MoSA: Mosaic Shared Adaptation of Large Language Models

Conference: ICLR 2026
OpenReview: https://openreview.net/forum?id=jg8JIKBAlb
Code: https://github.com/XiequnWang/MoSA-ICLR26
Area: Parameter-Efficient Fine-Tuning / Model Compression
Keywords: PEFT, LoRA alternative, parameter sharing, full-rank update, random grouping, mosaic

TL;DR

MoSA replaces LoRA's low-rank decomposition with mosaic-style parameter sharing, where the weight matrix is randomly partitioned into small blocks with each sharing a learnable scalar.
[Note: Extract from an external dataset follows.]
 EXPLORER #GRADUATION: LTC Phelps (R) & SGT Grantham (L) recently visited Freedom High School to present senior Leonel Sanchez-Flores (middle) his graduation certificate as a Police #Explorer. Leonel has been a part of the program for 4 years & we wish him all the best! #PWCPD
This achieves full-rank, element-wise weight updates under an identical parameter budget, while custom backward kernels ensure zero inference overhead and efficient training.

Background & Motivation

  • Background: Parameter-Efficient Fine-Tuning (PEFT) has become the mainstream for adapting large language models. Historically, LoRA decomposes the weight update \(\Delta W\) into two low-rank matrices \(BA\), based on the assumption that "useful updates are intrinsically low-rank." This has led to variants like DoRA, AdaLoRA, and QLoRA.
  • Limitations of Prior Work: The low-rank assumption acts as a structural bottleneck, forcing updates into a low-dimensional subspace and making it difficult to express complex, high-rank patterns required for difficult tasks. Recent high-rank methods like HiRA break the low-rank constraint via Hadamard products but still rely on priors from the original weights \(W_0\), trapping updates within weight-dependent subspaces.
  • Key Challenge: Is it possible to maintain parameter efficiency while remaining unconstrained by low-rank structures and existing weight distributions?
  • Goal: Construct full-rank updates that influence every weight element under a parameter budget strictly equal to that of LoRA.
  • Core Idea: Random non-local parameter sharing. All weight matrix indices are randomly partitioned into \(K\) disjoint groups (tesserae), each controlled by a single learnable scalar that is broadcast back to its respective positions. Random grouping disrupts short-range correlations in the weight matrix, acting as a natural regularizer to suppress co-adaptation, thereby generating expressive full-rank updates within a LoRA-scale budget.

Method

Overall Architecture

For each target linear layer \(W_0 \in \mathbb{R}^{h \times d}\), MoSA randomly partitions all \(N=hd\) weight indices into \(K\) disjoint groups of equal size, each bound to a learnable scalar \(\lambda_k\). During the forward pass, these scalars are broadcast to their group positions to form the update matrix \(\Delta W\), which is added to \(W_0\) for computation like a standard linear layer. After training, it can be merged losslessly into the base model with zero inference overhead. The backward pass bypasses standard autograd, using a custom "segmented reduction" kernel to aggregate gradients for each group in a single pass.

flowchart LR
    A["Learnable Scalars λ ∈ R^K<br/>(K = LoRA budget)"] -->|Broadcast via fixed random mosaic| B["ΔW = Σ λ_k M_k<br/>Full-rank update matrix"]
    W0["Frozen Weights W0"] --> S["y = (W0 + ΔW) x"]
    B --> S
    S -.Backward.-> C["Weight Gradient ∇ΔW L"]
    C -->|Segmented Reduction ∇λL = SPu| A

Key Designs

1. Mosaic Shared Parameterization: Replacing low-rank decomposition with scalar broadcasting via random grouping. LoRA defines updates as \(\Delta W_{\text{LoRA}} = BA\), locked within a subspace of rank \(\le r\). MoSA instead defines a set of fixed binary masks \(M_k \in \{0, 1\}^{h \times d}\) (where 1 indicates inclusion in the \(k\)-th group). The update is constructed via scalar broadcasting:

\[\Delta W_{\text{MoSA}} = \sum_{k=1}^{K} \lambda_k M_k, \quad (M_k)_{ij} = \mathbb{1}[(i, j) \in I_k]\]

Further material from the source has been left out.